SAUDI ARABIAN MATHEMATICAL COMPETITIONS

1) Suppose that we have $k$ triangles in some triangulation. By calculating the sum of all angles of these triangles, we have $180^{\circ }\cdot k$. The sum of interior angles of $A$ is $180^{\circ }\cdot 98$. The sum of angle around each point among 100 points is $360^{\circ }\cdot 100$. Hence, we have $$180^{\circ }\cdot k=180^{\circ }\cdot 98+360^{\circ }\cdot 100\iff k=298.$$ Each triangle gives 3 edges and among them, there are 100 edges of $A$. Note that the interior edges are double counted, then the number of edges in each triangulation is $$\frac{3\cdot 298-100}{2}+100=497.$$

2) Fix the polygon $A$, we will prove this problem by induction on $m+n$ of total points, in which $n$ is the number of vertices of $A$ and $m$ is the number of interior points.

For $m+n=3$, which implies that $n=3,m=0$, we just have one triangle with no interior point. We color this triangle by some color and finish this case.

For bigger $m+n$, whenever we add one more point and perform the triangulation, we have two cases:

1. If there are some triangle that share exactly one edge with the polygon $A$, call triangle $X$. Then $X$ is adjacent to at most two other triangles then if these two triangles were colored by different colors, we just need to color $X$ by the third color (in case two triangles were colored by the same color, we color $X$ by a random color among the rest). Since $X$ has one vertex that is the interior point, then we can move this point outside as the vertex of $A$. It is easy to see that polygon $A$ still has $n$ vertices and $m$ decreases by 1. Then we can apply the induction hypothesis.



2. If for all triangles $X$ as described above, the vertices of $X$ are not the interior points then $X$ is adjacent to exactly one triangle.
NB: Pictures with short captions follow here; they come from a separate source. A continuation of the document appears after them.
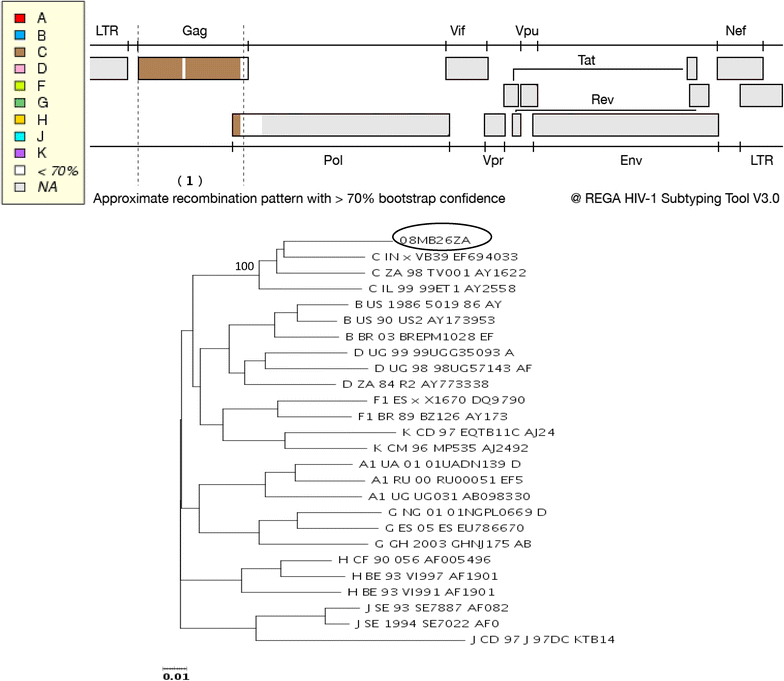 Fig. 8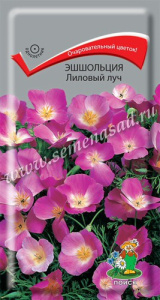 Эшшольция Лиловый луч купить
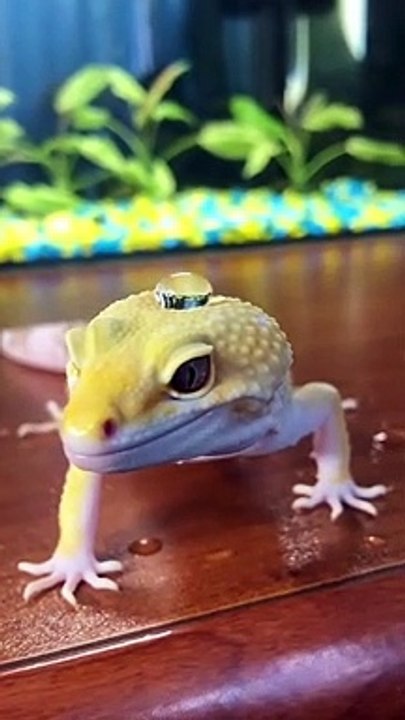Gecko's Skin Repels Water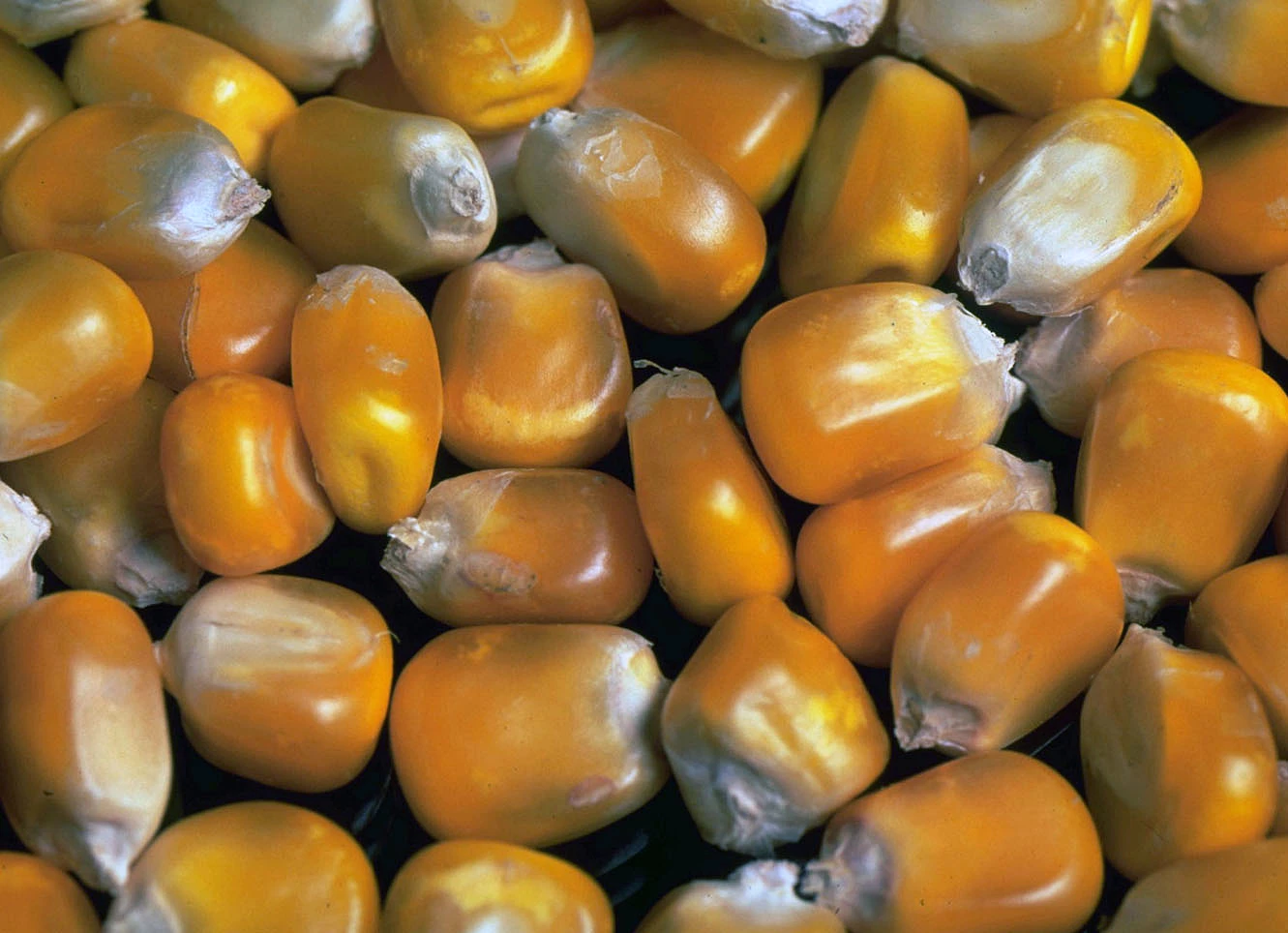 Assemblée générale de l’UFS La France leader mondial de la semence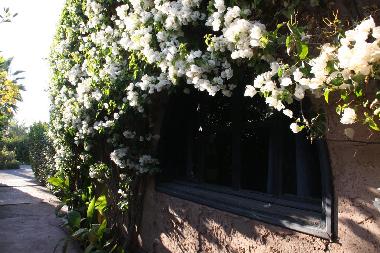 Bed and Breakfast in marrakech (Marrakech) or holiday homes and vacation rentals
We just color $X$ by the color different from the adjacent one and remove the vertex of $A$ to make number of sides of $A$ decrease by 2 and $n$ decreases by 1. Then we can also apply the induction hypothesis.

Therefore, in all cases, we can change the triangulation of $m+n$ points to triangulation of $m+n-1$ points, which means the problem can be solved by induction completely.

Then we always can draw the triangle by one of three colors that satisfy the given condition. $\square$